### Information provided

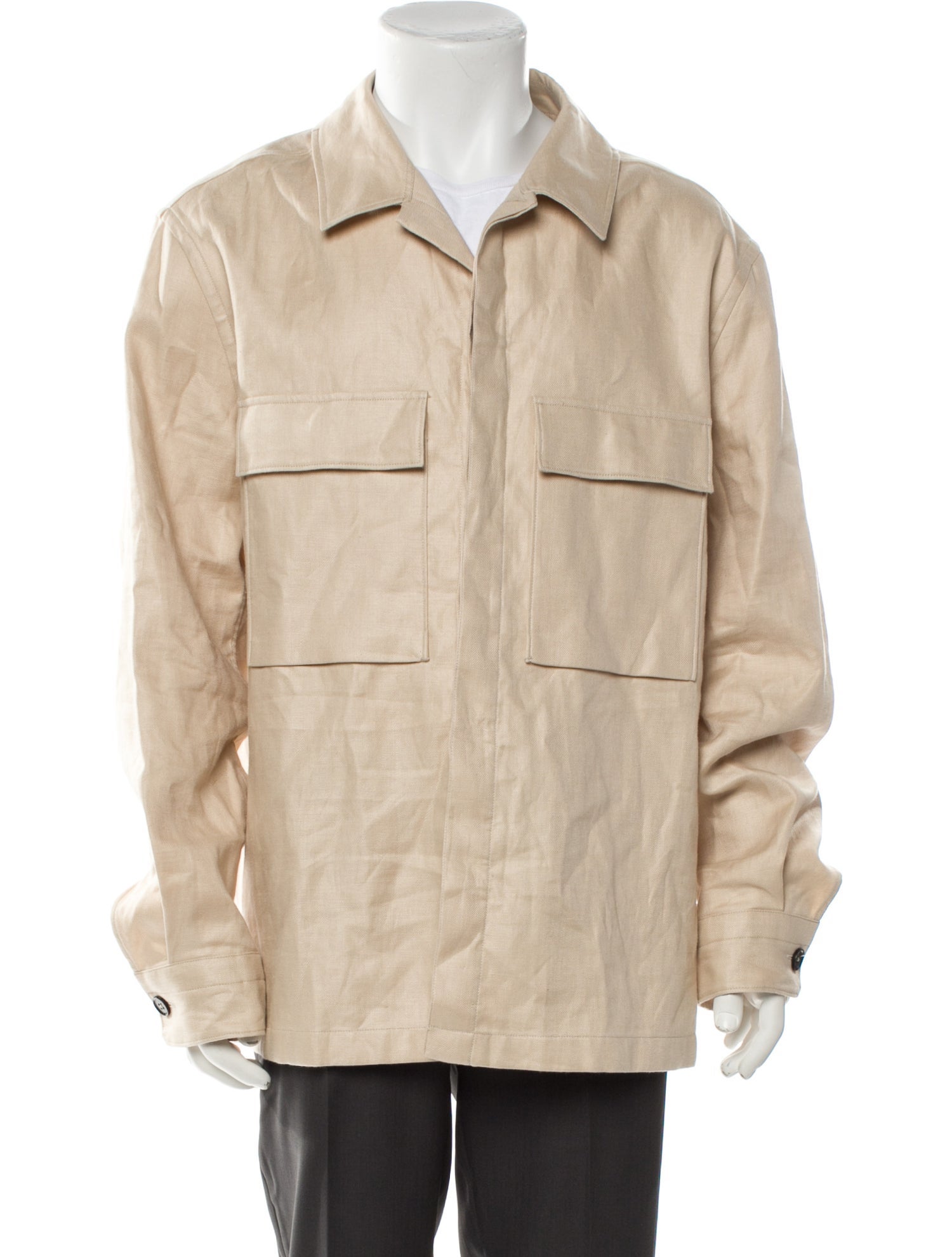 Zegna Linen Utility Jacket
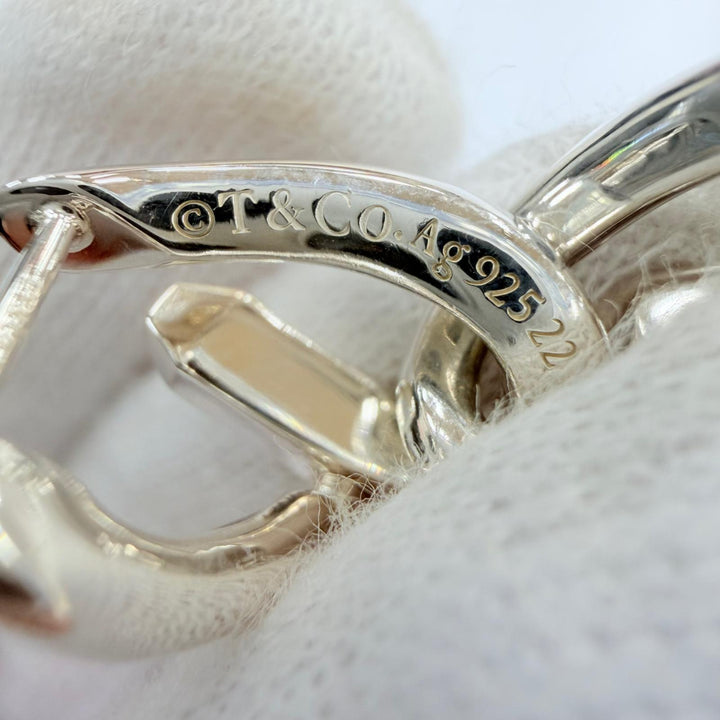 Excellent TIFFANY&Co. Forge Drop Link Pierce Accessories Silver AG925 Women
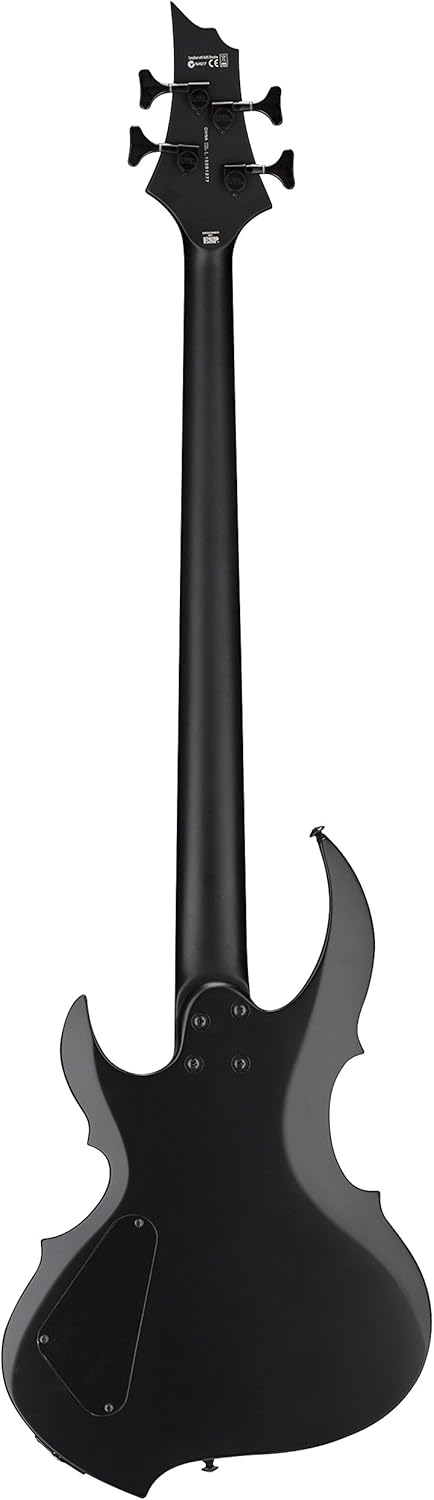 ESP LTA204FRXBLKS Bass Guitar, Black Satin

### Work required
The entire listing above, minus its pictures, should be copied out exactly.

### Written response
 Zegna Linen Utility Jacket
 Excellent TIFFANY&Co. Forge Drop Link Pierce Accessories Silver AG925 Women
 ESP LTA204FRXBLKS Bass Guitar, Black Satin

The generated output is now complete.